Anthropic Launches Claude Sonnet 5: Near-Opus Performance at a Mid-Tier Price
Anthropic launched Claude Sonnet 5, its most agentic Sonnet model, with performance approaching Opus 4.8 at a lower price, available on all plans. A look at its capabilities, pricing, and caveats.
Amid a fierce race over "agentic" models, Anthropic launched its new model Claude Sonnet 5, describing it as "the most agentic Sonnet model yet." The core idea is simple and enticing: performance approaching the expensive Opus models, but at a mid-tier price. The model was announced on June 30, 2026, and became immediately available across all plans — even the free ones — and in Claude Code, the Claude Platform, and its API.

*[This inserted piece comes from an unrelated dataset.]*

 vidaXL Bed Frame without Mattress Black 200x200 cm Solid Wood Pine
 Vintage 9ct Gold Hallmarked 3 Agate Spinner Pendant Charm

A Core Promise: Near-Opus Capability at a Lower Price
Anthropic says Sonnet 5 narrows the gap with Opus models while lowering the price. It carries a significant improvement over its predecessor Sonnet 4.6 in reasoning, tool use, coding, and knowledge work, and its performance approaches Opus 4.8 in certain areas. On one agentic-coding benchmark, Sonnet 5 scored about 63.2% versus 69.2% for Opus 4.8 and 58.1% for Sonnet 4.6; it even slightly outperformed Opus 4.8 on a knowledge-work benchmark. But Anthropic itself acknowledges that Opus 4.8 remains the more accurate choice for high-stakes tasks.
It "Finishes Tasks" Instead of Stopping Halfway
What caught early-access partners' attention was not the numbers, but the behavior. According to their testimonials, Sonnet 5 completes complex tasks that previous models would "stop short of," and reviews its output without being asked. A Zapier engineer described a two-part task — updating Salesforce account tiers and sending an announcement — that "used to stall halfway" but now completes end to end. This is precisely the reliability gap that kept many enterprises hesitant to move agents from pilots to production: a model that gets 80% through a task then stops creates more problems than it solves.
Pricing: The Heart of the Announcement
Pricing may be the most important part of the announcement. Sonnet 5 starts at introductory pricing of $2 per million input tokens and $10 for output, through August 31, 2026, then rises to $3 and $15 respectively. This remains cheaper than Opus 4.8 ($5 and $25), and than GPT-5.5 and Gemini 3.1 Pro. But there is a buried detail worth attention: Sonnet 5 uses a new tokenizer that makes the same text map to more tokens (a roughly 30% increase on average). Anthropic says the introductory price is calibrated to make the transition "roughly cost-neutral," but high-volume enterprises will need to benchmark their specific cases carefully before assuming their bills stay flat — especially after September.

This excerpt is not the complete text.